What, LeRon Shults asks, is "knowledge" like for God and for us -- that is, after the turn to relationality? His answer is very important for each of us. What God knows cannot be reduced to cognition, or to knowledge of objects and propositions and ideas, as we know -- say -- how the grass grows or what kinds of birds begin to feed at our feeders when the weather heads south. Here's what Shults contends God's knowledge is:
Does God know "about" us or is God's knowledge an intimate, faithful, knowing "of" us? Does the distinction matter. Much in every way. The former leads us back to the modernist God whose mind is beyond ours; the latter to being known and to the capacity of then knowing God and others.
God's knowledge is omniscient faithfulness. God's knowing "embraces all things" (207). God's faithful ominscience is an intimate knowing. Faith and knowledge are not opposites; they are bindings of one to another.

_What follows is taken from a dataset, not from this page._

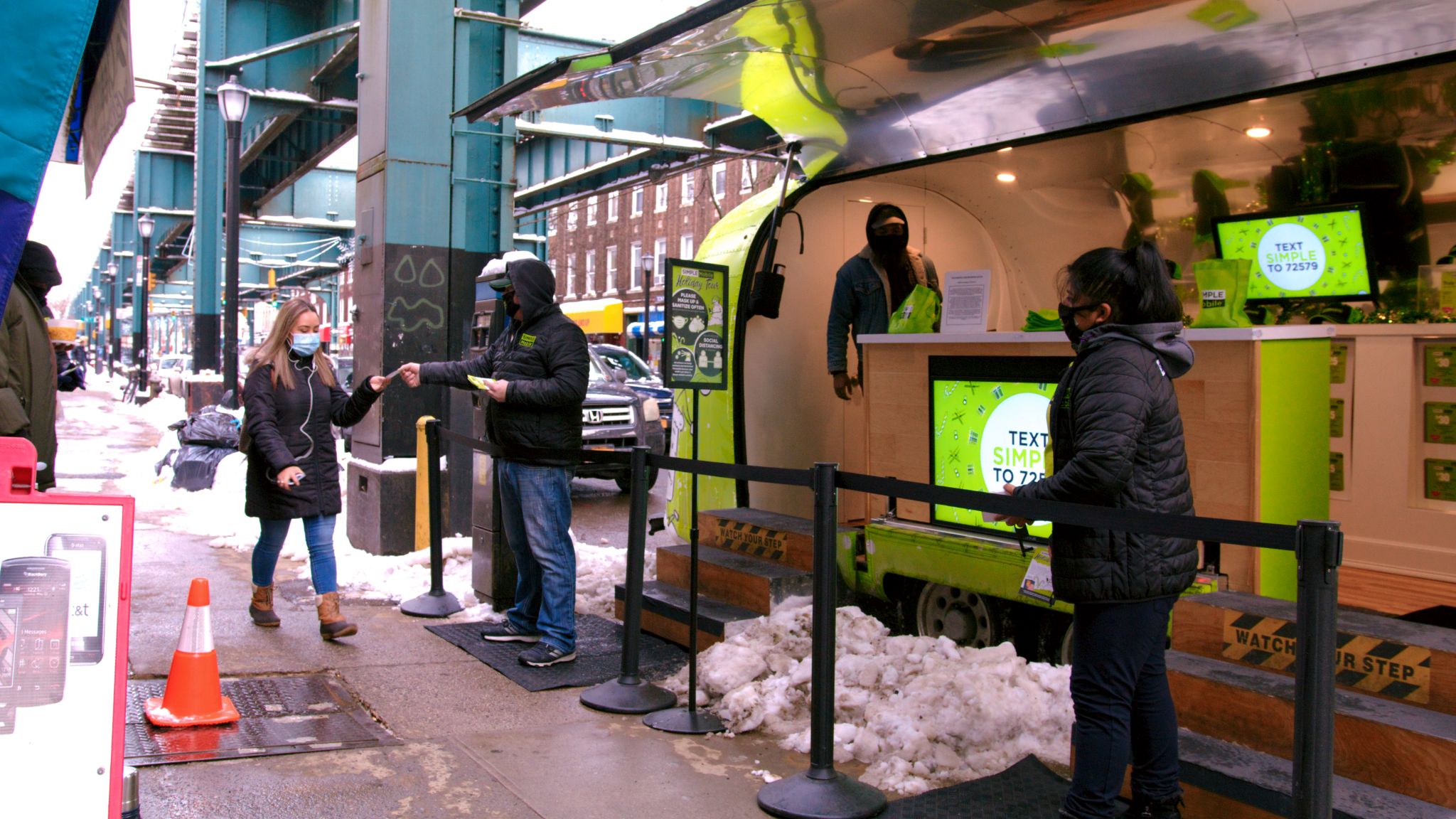 Storefront in a parked van with employees around and one giving a business card to female passerby wearing a surgical mask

Shults provides a way out of the Arminian-Calvinist debate about foreknowledge: if God's knowledge is omniscient faithfulness, then it is not that God knows "about" us in our decision making, but that God's knowing of us enables us to know God. Election, then, is God's making of us into a being-coming-into-being through relationship with and to God. It is being known to, by and in God. Foreknowledge, in other words, is more than cognition; God's election on the basis of foreknowledge is to be chosen to become who we are by being known to and by God. (I'm trying to come to terms with "omniscient faithfulness" as God's knowledge.)
"God's pro-gnosis, then, [is] an acknowledging embrace of human creatures, calling them to a new life of knowing and being known in the Spirit of Christ" (224).
Knowledge, then, must be conceived of in a Hebraic (yada) way rather than a scientific way.
Our knowledge of God, our naming of God with words, is to learn to be named in faithful communion with God. It is to be named and it evokes a longing to name and to be named.
The teleological argument, then, is to acknowledge and participate in the divine intention that evokes noetic desire on our part to be known and to know.
Here is one of Shults' favorite expressions: "the omniscient faithfulness of the trinitarian God of the Bible is the origin, condition, and goal of the noetic desire of creatures." Our yearning to know, our noetic desire, is the Spirit-induced drive to participate intimately in the trinitarian "knowing" of the Father, Son, and Spirit.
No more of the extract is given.